3話:2話:担任の先生がなんかエロいんだけど……(続)

 どうにか保健室へとやってきた俺たちだが、鍵こそ開いているものの、保健室の先生はいないようだった。

 俺たちはいつも、少し早い時間に登校しているから、先生もまだ学校に来ていないのかもしれない。

 鍵はかけ忘れたのだろうか。


「黒ヶ原、腕、大丈夫なのか?」


 ゆかり先生の肩を支えている俺の左腕を、佐久間が心配してくる。

 包帯を巻いているくらいだから、骨が折れていると思っているのかもしれない。


「はは……このくらいなら大丈夫だよ」


 少しだけ罪悪感を覚えながらも、まさか仮病だとは言えず、適当に流した。

 というか。


「と、とにかく、早くゆかり先生をベッドに運ぼう。

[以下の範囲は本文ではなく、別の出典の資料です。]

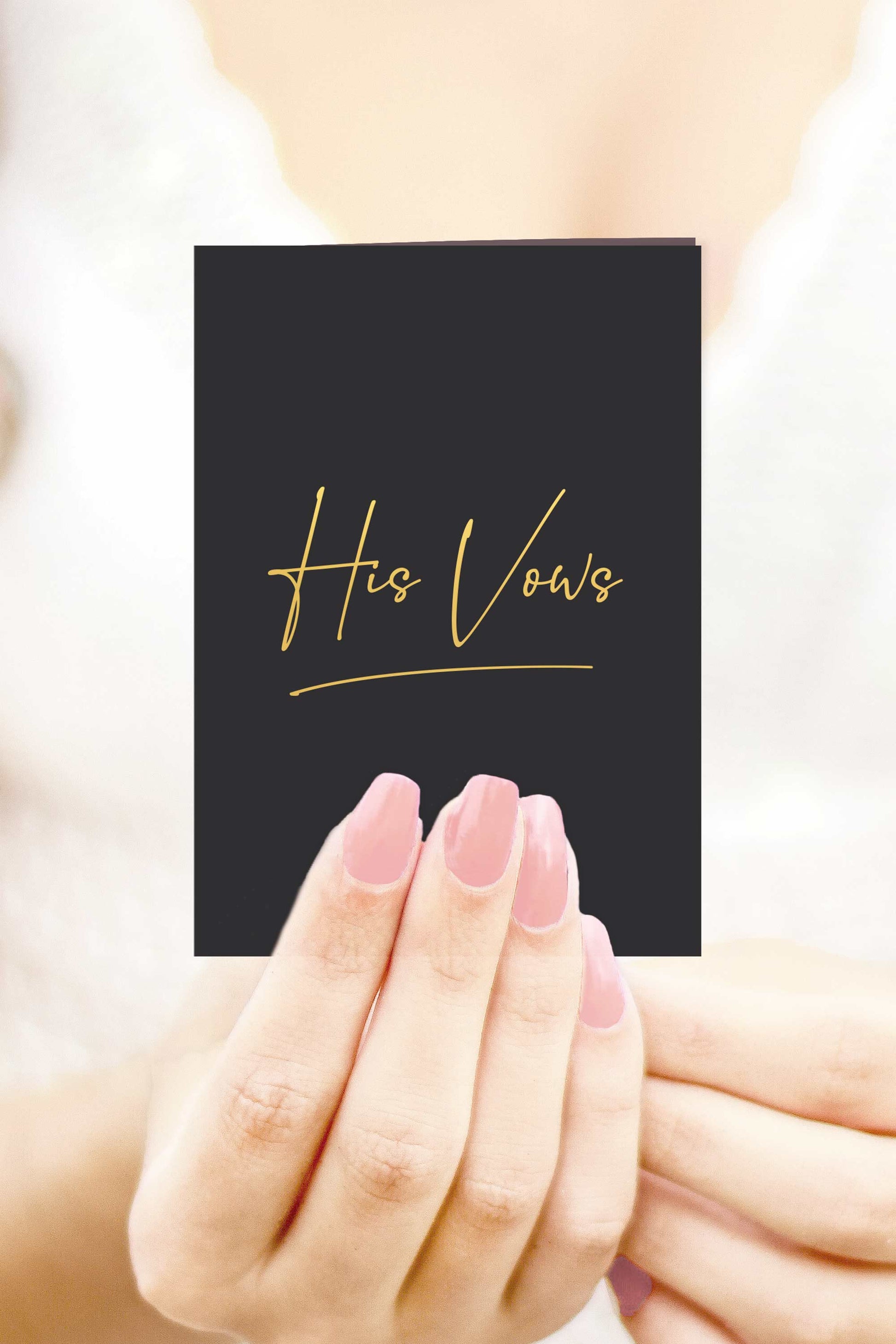 Vow Books - His and Hers Vow Books Set - White and Black with Gold Foil - Tea and Becky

このままじゃ、何がとは言わないけど、やばい」

「そ、そうだな……」


 ゆかり先生の体重は、正直そこまで重くない。

 俺たちは健全な高校生。女性一人抱えるくらい、二人もいればそう問題はない。

 いや、しかし、健全だからこそ、問題があった。


「んっ……ぁぁん……」


 ここに来るまで、煽情的な喘ぎ声にも聞こえる吐息が、俺たちの耳を犯し続けていた。

 肩を抱えている俺たちの体に押し付けられた、先生の豊満なソレがむにゅりと形を変えているのがはっきりとわかる。


 香水をしているのか、首を伝う汗から漂う甘い香り。

 たまに擦れる、『むちっ』とした太ももの感触。

 止めとばかりに、微かに顔に当たる先生の甘い吐息。


 なに、このハニートラップ。

 地獄でしかないんだけど。


「よ、よし、おろすぞ」


 歯をかみしめ、時には舌に歯を突きたてながらもベッドへとたどり着くと、どうにか先生を寝かせることに成功する。

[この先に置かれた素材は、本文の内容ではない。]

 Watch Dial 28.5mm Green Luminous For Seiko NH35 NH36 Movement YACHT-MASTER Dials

 先生は意識が朦朧としているようで、「お母さん、くるしいよぉ……」などと言いながらうなされている。

 ごくり、と佐久間が息をのむのが伝わってくる。


「お、俺、他の先生よんでくる!」

「お、おい! 俺を置いていくなよ!?」


 俺の静止も空しく、我慢の限界と言わんばかりに、全速力で保健室を出ていく佐久間。

 残されたのは、息を荒くする赤面したゆかり先生と、健全な男子高校生の俺。

 まさかこの状態のゆかり先生を一人にするわけにもいかないし、俺は佐久間の帰りを待つしかなくなった。


「………ぼ、ボタンとか、外した方がいいのか?」


 先生のおっぱいがスーツと重力に押しつぶされて、かなり窮屈そうに見える。

 息苦しそうにしているのも、多分それが原因だろう。


「これは医療行為、これは医療行為……!」


 俺は自分に言い聞かせるようにそう言いながら、スーツのボタンへとゆっくり手を近づけていく。

 あと10センチ、あと5センチ……その時、事件は起きた。


「ぁあんっ!」

「むぐっ!?」


 唐突に、先生の腕が伸びてきて、俺の顔を抱き寄せてきたのだ。

 抵抗する間もなく、ゆかり先生のππに、俺の頭は挟まれる。


 息苦しさに襲われながらも、顔面に幸せが浸透していく。

 香水とは違う、先生の甘ったるい体臭が鼻腔と肺を満たし、視界いっπに広がるマシュマロのようなππは、俺の脳をピンク色に染めていった。


「むぐー! むぐー!」


 どうにか引きはがそうとしてみるが、どこにそんな力があるのか、先生の腕はピクリとも動かない。

 や、やばい、段々と変な気分になってきた……。


 息を十分に吸えないせいか、朦朧とする意識の中で、ベッドについていた俺の手は、少しずつ先生へと伸びていく。

 だが、


「ゆかり先生、だいじょうぶ―――――」


 ガラガラ、と保健室の扉を開ける音とともに聞こえてくるその声に、一瞬で血の気が引いた。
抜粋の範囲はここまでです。